That’s all for now, but don’t dare be a stranger! Season 4 concludes with my next review, A Deadly State of Mind starring the perma-tanned ‘Gorgeous’ George Hamilton.
Haven’t read all the many comments, but wonder if anyone noticed Marcy’s dress when Columbo visits the gallery. Classic 1970’s wrap dress, Diane von Furstenberg? Or knockoff? Another thing in this episode which is surprisingly modern.
I agree with some others- I would have rated this one higher. I found the cold villain refreshing, he wasn’t constantly annoyed with Columbo, he just calmly answered his questions, quite certain he wouldn’t be caught. Gena Rowlands was stunning. And there were some very funny moments. A winner.
PLAYBACK is a favorite since the crime is strongly motivated. The Van WickMeadis family is trapped in its own hell–as I watched the episode the other night, Sartre’s “No Exit” came to mind. The family conferences have been/are a regular occurrence, and both Harold and Margaret want to end the brutal stalemate they are trapped in..
The claustrophobic images/staging reinforce this sense of confinement–the audience is as trapped as Elizabeth. Dog can run free since the property is completely enclosed. Only four scenes–the two in the gallery, the one in the diner, and the one in the company–occur outside of the house and grounds, and the ones in the house are visually cramped.

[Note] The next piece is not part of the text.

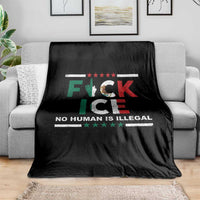 Fck Ice Throw Blanket Mexico Flag Mexican Immigrant Anti Immigration Enforcement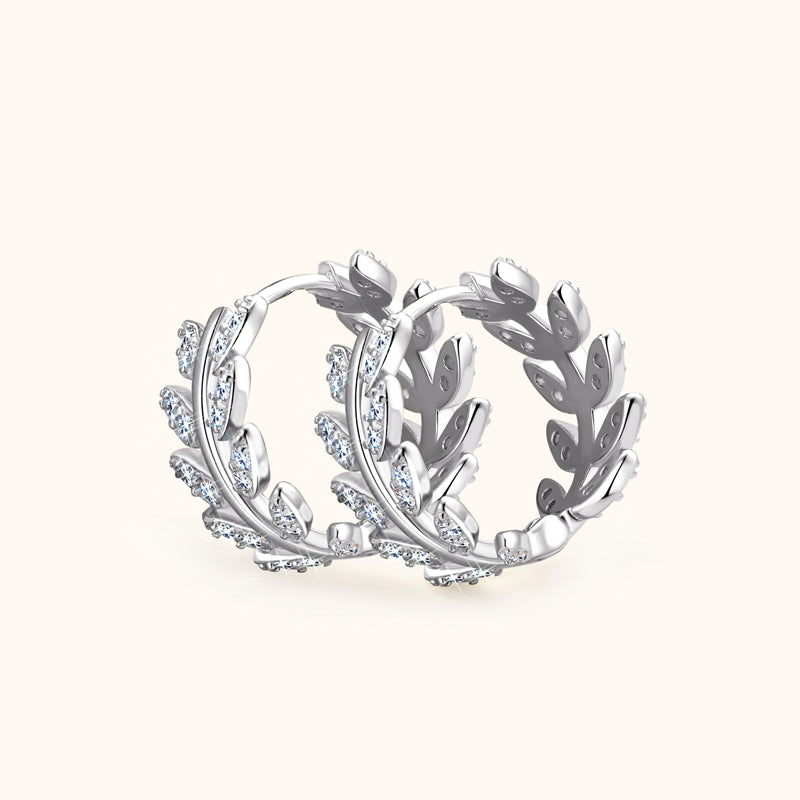 Vitality Leaf Premium Moissanite Hoop Earrings - JESCOJES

PLAYBACK is not an opulent episode, with banter banter between Columbo and the culprit, and lush visuals. Its sparseness is complements Harold’s Teutonic efficiency.
Bad hairdo or no, I can’t deny that I found Oskar Werner *very* attractive in “Jules et Jim” 🥰
He had a unique charisma.
Forget about Oskar’s hairstyle. Oskar Werner was a great actor. One of Peter Falk’s great joys in the Columbo series was that he got to work with some terrific actors like Oskar. Werner turned in some amazing performances in films and one of my favorites is “The Spy Who Came In From the Cold, where every character in this intricate storyline is performed to perfection. Here’s a scene as an example:
JF, thanks for your observations! Oskar Werner really was a great actor. As with other awesome actors who appeared on Columbo, he died quite young but his contributions will never be forgotten!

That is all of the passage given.